Daily Yakult intake reduces incidence of common colds, study says

Results of a recent trial have demonstrated a clear health benefit for athletes drinking the commercially available fermented milk drink Yakult.

Results of a recent trial by Professor Michael Gleeson of Loughborough University, the UK, have demonstrated a clear health benefit for athletes drinking the commercially available fermented milk drink Yakult, which contains the unique probiotic strain LcS. The athletes were staff and students at the university who were involved in regular intensive sports training, such as cycling, triathlon, middle-long distance running or swimming.

The results confirmed that daily consumption of Yakult was effective in reducing the incidence of common colds (i.e. upper respiratory tract infections, or URTIs) in the athletes. In earlier research, it has been demonstrated that as a group, athletes are susceptible to infections due to a depression of their immune system.

The study was fully described and published online in the scientific peer-reviewed publication International Journal of Sport Nutrition & Exercise Metabolism.


The double-blind trial was conducted in 84 endurance athletes. Subjects were divided into 2 groups: 42 received Yakult (6.5 x 10 (9) = raising 10 to the 9th power = live cells of the probiotic strain LcS in each bottle) and 42 received a placebo. After the subjects consumed the given drink twice daily for 16 weeks, the drinking effect on the incidence of URTIs and immune parameters was examined.

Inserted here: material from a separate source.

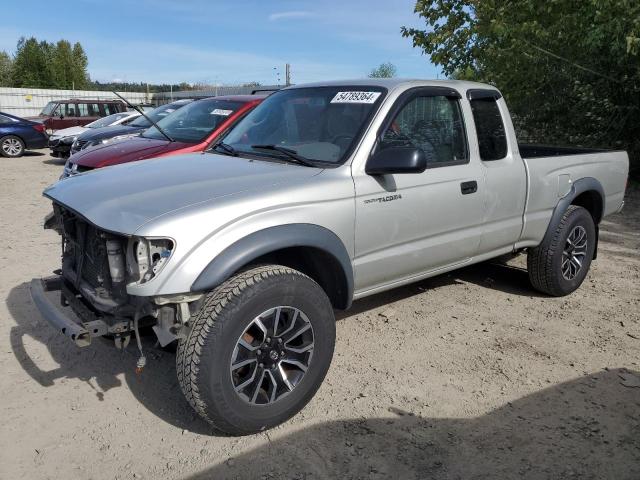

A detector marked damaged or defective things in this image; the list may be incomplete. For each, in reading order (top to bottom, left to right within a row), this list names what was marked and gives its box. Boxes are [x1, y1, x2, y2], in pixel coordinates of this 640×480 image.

front bumper missing [29, 276, 112, 346]
damaged front end [31, 204, 200, 350]
exposed headlight assembly [125, 237, 174, 284]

The summary of the results is as follows:

1. Incidence of URTI (generally known as common cold)

The proportion of subjects from the Yakult group who experienced one or more weeks with URTI symptoms was 66%, which was significantly lower than that from the placebo group (90%).

2. Effect on immune parameters

Saliva IgA concentration (1), which can be lowered by prolonged hard sports, was higher in the Yakult group than in the placebo group.

3. Discussion

Based on these findings, the researchers conclude that daily consumption of fermented milk drink containing LcS lowers the incidence of URTIs in athletes who are engaged in prolonged hard sports. The amount of sIgA antibodies was kept in an optimal condition, which can be considered as one of the factors for the effect.

*The placebo drink did not contain LcS. The taste and color of both the placebo drink and Yakult were similar. By comparing the effects of intake of each drink, the efficacy of Yakult can be scientifically measured.

(1) sIgA is an antibody contained in saliva and airway mucus, and plays a critical role to prevent virus infection.

Comment from Prof. Michael Gleeson of Loughborough University

Prof. Michael Gleeson (of Exercise Biochemistry in the School of Sport, Exercise and Health Sciences), who led the study at Loughborough University, commented: "There is relatively little evidence for the effectiveness of so-called dietary immunostimulants in the athletic population but this study suggests that a probiotic product may help to reduce the risk of infection. Athletes hate the thought of picking up colds as even minor ailments can impair their training and performance or even stop them from competing."

Comment from Dr. Haruji Sawada, Ph.D., director of the Yakult Central Institute for Microbiological Research (YCIMR)

Yakult Honsha Co., Ltd. participated in this study as sponsor by providing funding and test samples.

Dr. Haruji Sawada of the YCIMR commented: "It is a valuable result that the daily consumption of our product, Yakult, is proven to contribute to the maintenance of a good state of the upper respiratory tract in healthy sports persons. This study has resulted in important data that are further evidence of immune benefits associated with drinking Yakult."